How embedded Linux isn’t so special, and most of the « embedded requirements » are also requirements in « big iron » too

Biography

Notes

Transcript

Transcribed by
Chris Dudding
Verified by

0:00 - 1:00:

[Slide 1 - Embedded Linux and the mainline kernel]

>> DAVID WOODHOUSE: Um. I'm going to talk about "Embedded Linux" and what it means to me. Um. And how I dislike talking about "Embedded Linux" and the mainline kernel and how to work with it. Um. So.. [Speaker attempts to switch slide] Oh come on.. Please.. I'm going to talk about Open Office and how I hate it [Laughter from audience]

[Slide 2 - Where does Linux run?]

Wahey! So, Linux is everywhere. You see it on all kinds of devices: control devices, phones, all the way up to supercomputers, mainframes. Everybody runs Linux. Um. And we talk about "Embedded Linux" but what does it mean?

1:00 - 2:00:

You know.. Some people talk about "Embedded Linux" and include this kind of thing

[Speaker points to server image on slide]

It doesn't have a screen and a keyboard. It doesn't have a user with a graphical desktop. It must be embedded right?

Um.. So we use the term "Embedded Linux" to cover all manner of evils.

[Slide 3 - "Embedded"...?]

Um.. And a lot of the time when you hear sort of people in the linux development community talking about "Embedded Linux" mostly its a code word for stuff we don't want to have to care about. Um.. But its increasingly important. There are millions of android devices out there.. really.. you know.. pushing the focus on "Embedded Linux" so a lot more people admit that we have to care about it than used to admit this.

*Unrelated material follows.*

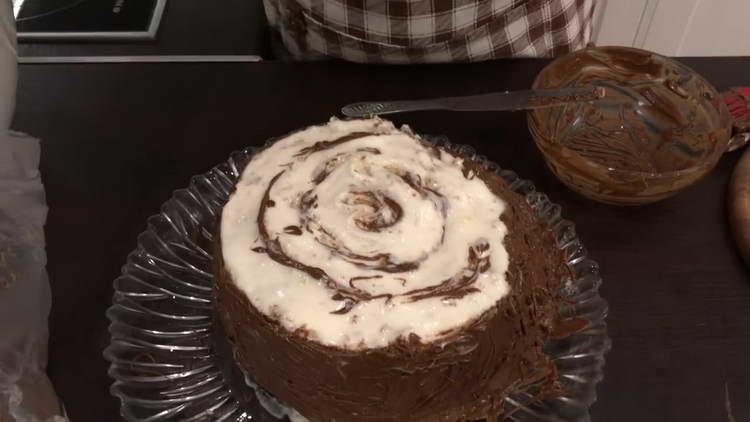 draw on top of the cake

[Slide 4 - "Embedded"...?]

And.. You know.. We can consider a lot of things to be embedded even up to perhaps.. um.. devices like netbooks, ultrabooks, tablets. They aren't necessarily the.. um.. typical thing you might have thought of when you think of "Embedded Linux"

2:00 - 3:00:

But they have a lot of the same requirements. Um..

So what makes an embedded device? Is it the fact that it is headless? That it doesn't have a screen and a keyboard? Is it the fact that it is hand-held battery powered? Um.. Cares about power management deeply. Um.. Is it the physical size? I mean is it the constraints of the hardware? The RAM? The storage? The CPU? What else makes embedded?

[gesture to audience]

What do you think?

[inaudible answer from audience]

Dedicated usage? Yes, that's common. That's a common criteria

[answer from audience: non x86 processor]

Yes, so my Mac G5 is embedded? Actually it is, i moved a month ago, it is still packed in boxes. But, yeah. non x86. That's common. Anything else?

3:00 - 4:00:

[inaudible answer from audience]

Sorry?

[answer from audience: No X11]

No X11. Yes, that's true. So there are all kinds of things that people mean when they talk about "Embedded Linux". Um.. But there are a number of things that are quite common.

[Slide 5 - Embedded needs]

Power management is a very common requirement. When people talk about "Embedded Linux" often they think about power management. We need to conserve battery at all costs. We need to shutdown any circuitry which isn't in use right now. We need aggressive run-time power management.

We also think about fast startup. You take your phone out of your pocket, turn it on, there are legal requirements about how soon you must be able to make an emergency call and even in consumer devices outside that. You know.. You have to be able get a consumer experience quickly when they turn a device on. And that's one of the things that people care about a lot when they are talking about "Embedded Linux"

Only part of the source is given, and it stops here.